Non è vero però, in primo luogo, che quanto propone Calderisi possa essere posto in continuità con l’esperienza recente del nostro paese. Se Giorgio Napolitano ha esercitato il suo ruolo in maniera più attiva di molti predecessori, lo ha fatto sempre in funzione arbitrale e di bilanciamento dei poteri, cioè del tutto in linea con lo spirito della Costituzione vigente che volutamente consente espansioni e contrazioni a fisarmonica del ruolo presidenziale a seconda delle circostanze. E d’altro canto, anche l’apprezzamento che Napolitano, e con lui l’istituzione presidenziale, hanno ricevuto da parte di tutti gli strati dell’opinione pubblica, è riferito alla funzione di arbitro, di pacificatore, di guida che sta sopra e fuori dalle parti. L’occasione in cui Napolitano ha dovuto eserciare attivamente i suoi poteri (il totale discredito di Berlusconi dovuto a reiterati comportamenti pubblici e privati assolutamente inconsulti) generano peraltro anche nelle persone più propense a rafforzare i poteri monocratici come chi scrive, figuriamoci negli altri, una certa prudenza nel considerare sia l’ipotesi di un primo ministro con poteri di scioglimento sia l’ipotesi di un sistema “senza arbitro” come quello francese.

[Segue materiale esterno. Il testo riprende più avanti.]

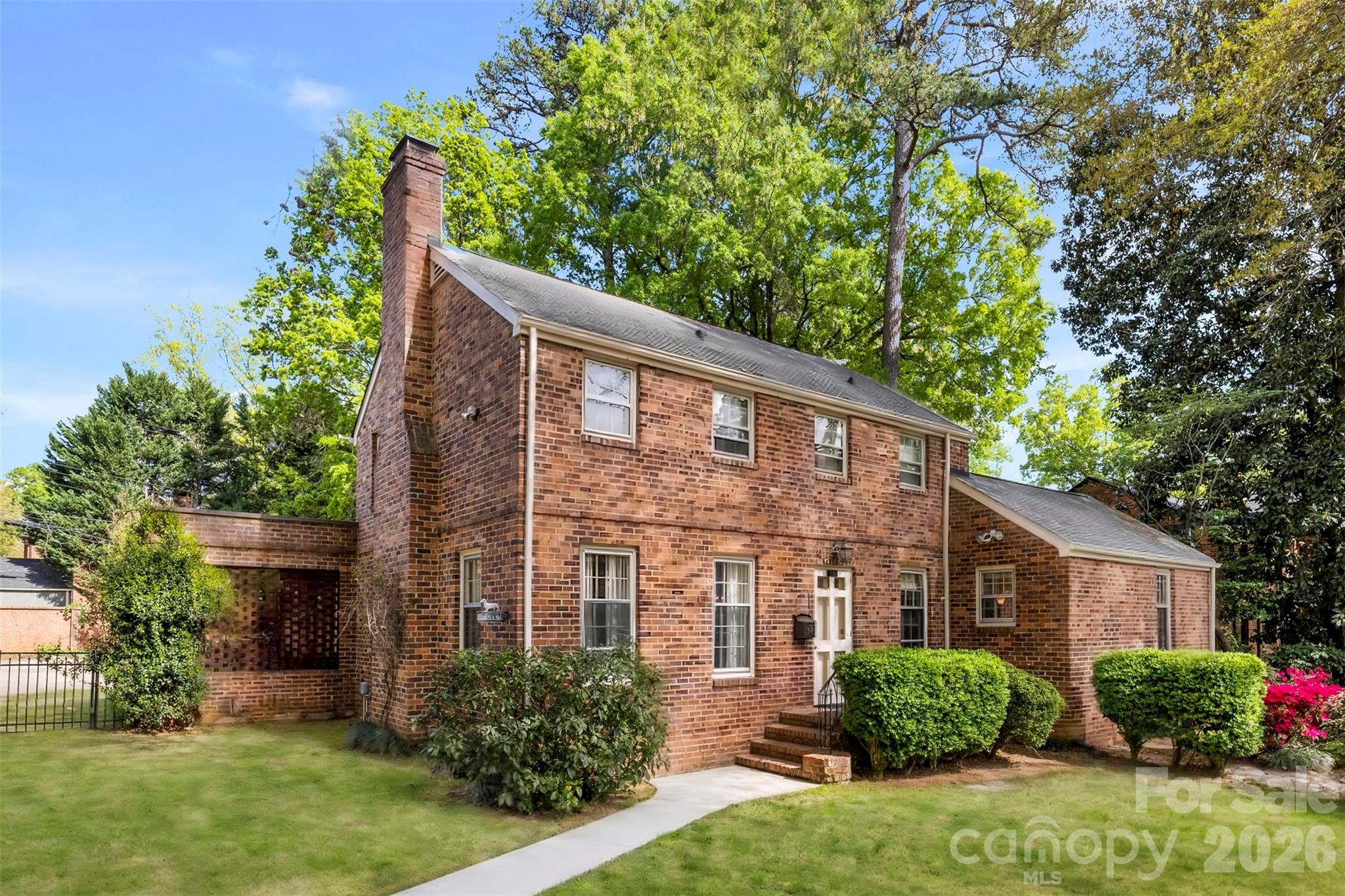 1519 Providence Road Charlotte NC 28207
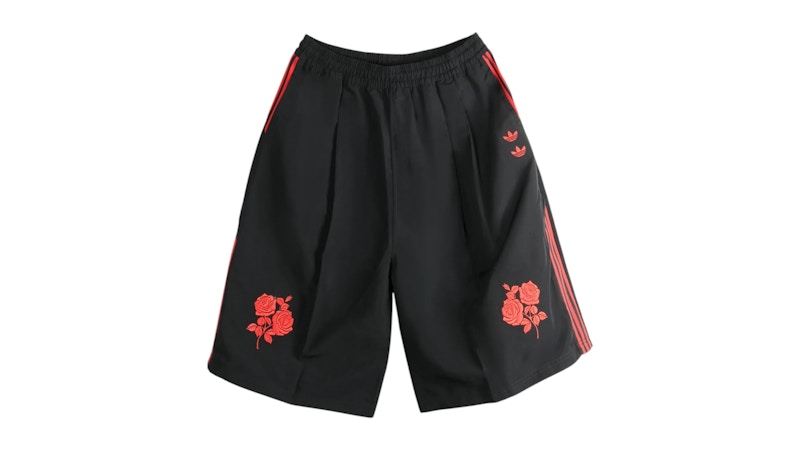 adidas x Willy Chavarria Long Short Black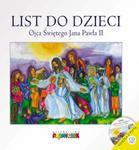 List do Dzieci Ojca Świętego Jana Pawła II + CD w sklepie internetowym Księgarnia Dobrego Pasterza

In secondo luogo, l’elezione diretta di un Presidente della Repubblica non più arbitro (ma capitano di una delle due principali squadre) non risolve nemmeno il problema da cui Calderisi è partito. Perché se il parlamento venisse eletto con un sistema troppo proporzionale, il Presidente, pur dotato di legittimazione popolare e ampi poteri, potrebbe al massimo sfruttare la sua posizione per orientare il negoziato post-elettorale tra i partiti, non certo imporre un governo di sua fiducia non sorretto da una maggioranza parlamentare. Come ogni buon manuale di politica comparata insegna, la forza del Presidente in Francia non sta tanto nell’elezione diretta, quanto nel sistema seccamente maggioriario previsto per l’elezione dell’Assemblea Nazionale (che fa da moltiplicatore, in seggi, all’effetto di trascinamento delle presidenziali), e nella forte limitazione dei poteri di un Parlamento sostanzialmente monocamerale. Ma se noi fossimo in condizione di approvare una riforma vera del bicameralismo e il passaggio ad un sistema elettorale maggioritario (anche un po’ meno seccamente maggioritario di quello Francese), non avremmo più nemmeno bisogno di privarci dell’arbitro, perché il bipolarismo e la stabilizzazione dei governi sarebbero già garantiti. Temo purtroppo che Calderisi, in totale buona fede, si aggrappi al semipresidenzialismo proprio perché anche molti tra coloro i quali hanno sottoscritto il suo progetto, non hanno nessuna intenzione di promuovere né la prima né la seconda riforma. Ma invece da lì si deve passare, sfidando a viso aperto le resistenze corporative e la ricerca di nuove rendite di posizione che si annidano un po’ dappertutto: a destra, a sinistra, oltre che, come è ovvio, al centro.